For a true return value, tag is sent to the tag of the tag, vtype is set to the vtype of the tag, and value is a pointer to the value of the tag. You will then need to use a switch to cast value to int, double, char, or String.

bool SamRecord::isIntegerType(char vtype) Returns true if the passed in vtype is of integer ('c', 'C', 's', 'S', 'i', 'I') type.
bool SamRecord::isDoubleType(char vtype) Returns true if the passed in vtype is of double ('f') type.
bool SamRecord::isCharType(char vtype) Returns true if the passed in vtype is of char ('A') type.
bool SamRecord::isStringType(char vtype) Returns true if the passed in vtype is of String ('Z') type.
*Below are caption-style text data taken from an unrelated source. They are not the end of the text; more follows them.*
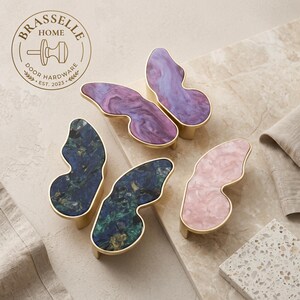Può includere: Quattro pomelli per armadi a forma di farfalla con bordi in metallo dorato e inserti in resina marmorizzata nei colori viola, blu scuro, verde e rosa chiaro. Il logo Brasselle Home Door Hardware Est. 2023 è visibile nell'angolo in alto a sinistra.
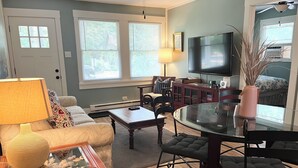 A living room with a sofa, coffee table, TV, and a dining area with chairs and a table.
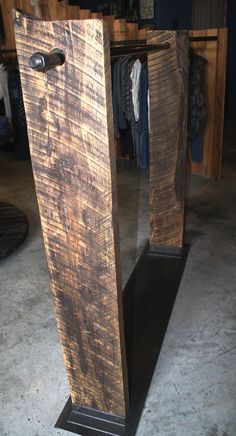 a large wooden object sitting on top of a floor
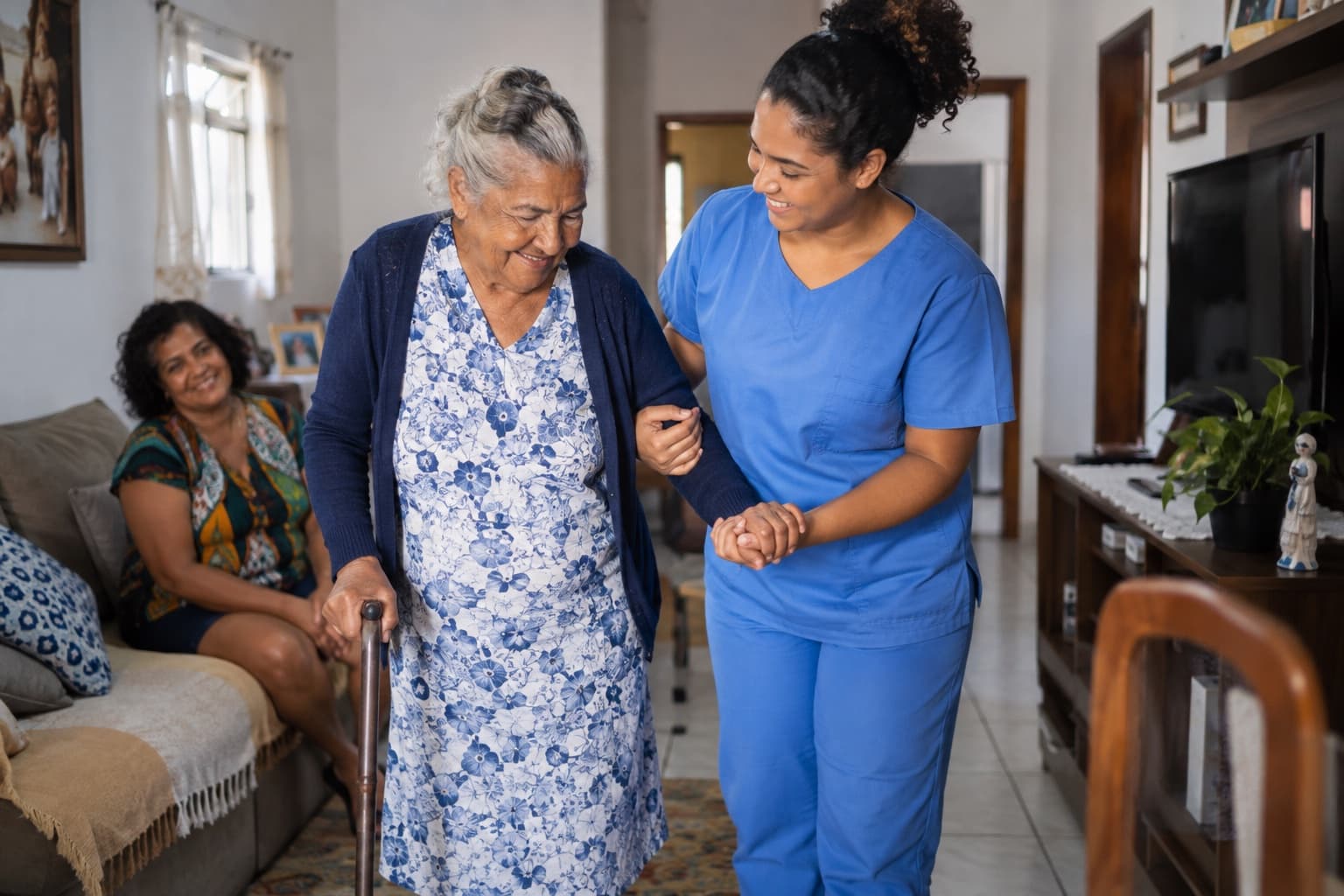 Cuidadora de uniforme azul ajudando uma senhora idosa a caminhar na sala de casa enquanto uma familiar observa sorrindo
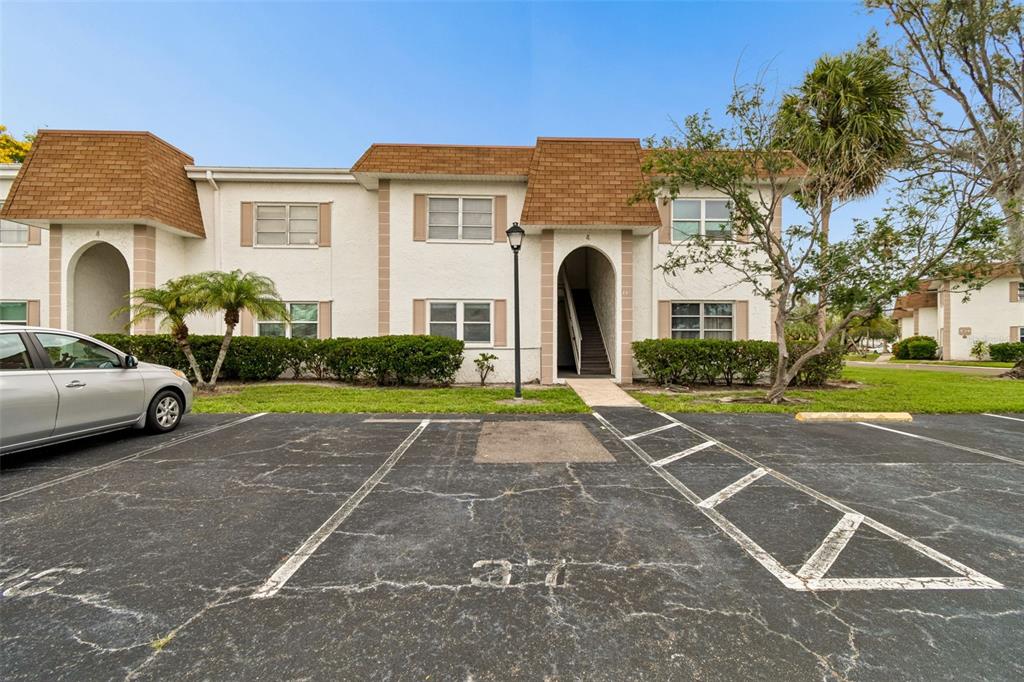 A two-story apartment building with a parking lot in the foreground — 239 S MCMULLEN BOOTH ROAD UNIT 37, CLEARWATER, FL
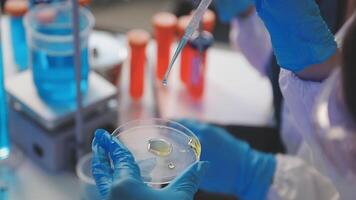 A person in a lab coat is holding a test tube video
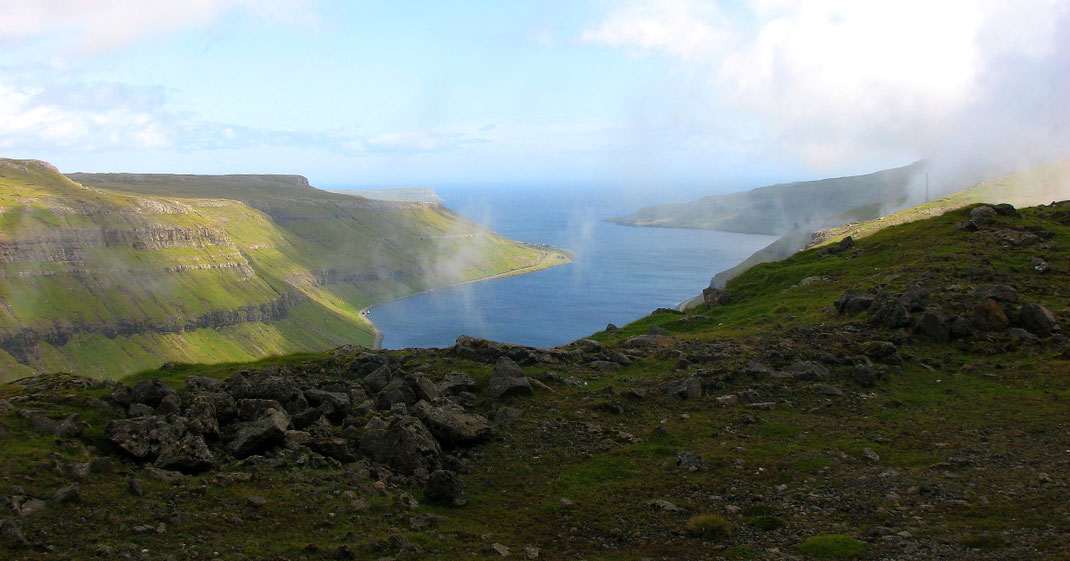 Blick auf steil abfallende Küstenhügel und dem azurblauen Wasser des ruhigen atlantischen Ozeans.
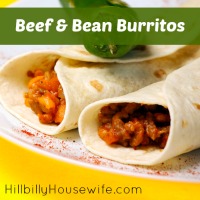 Two burritos made with ground beef, refried beans and cheese.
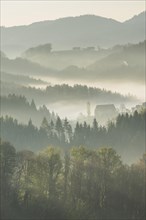 Morning mist over wooded hills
Example of using getNextSamTag:

   // record is a previously setup SamRecord.
   String recordString = "";
   char tag[3];
   char vtype;
   void* value;

   // While there are more tags, write them to the recordString.
   while(record.getNextSamTag(tag, vtype, &value) != false)
   {
      recordString += "\t";
      recordString += tag;
      recordString += ":"; 
      recordString += vtype;
      recordString += ":";
      if(record.isIntegerType(vtype))
      {
         recordString += (int)*(int*)value;
      }
      else if(record.isDoubleType(vtype))
      {
         recordString += (double)*(double*)value;
      }
      else if(record.isCharType(vtype))
      {
         recordString += (char)*(char*)value;
      }
      else
      {
         // String type.
         recordString += (String)*(String*)value;
      }
   }

   recordString += "\n";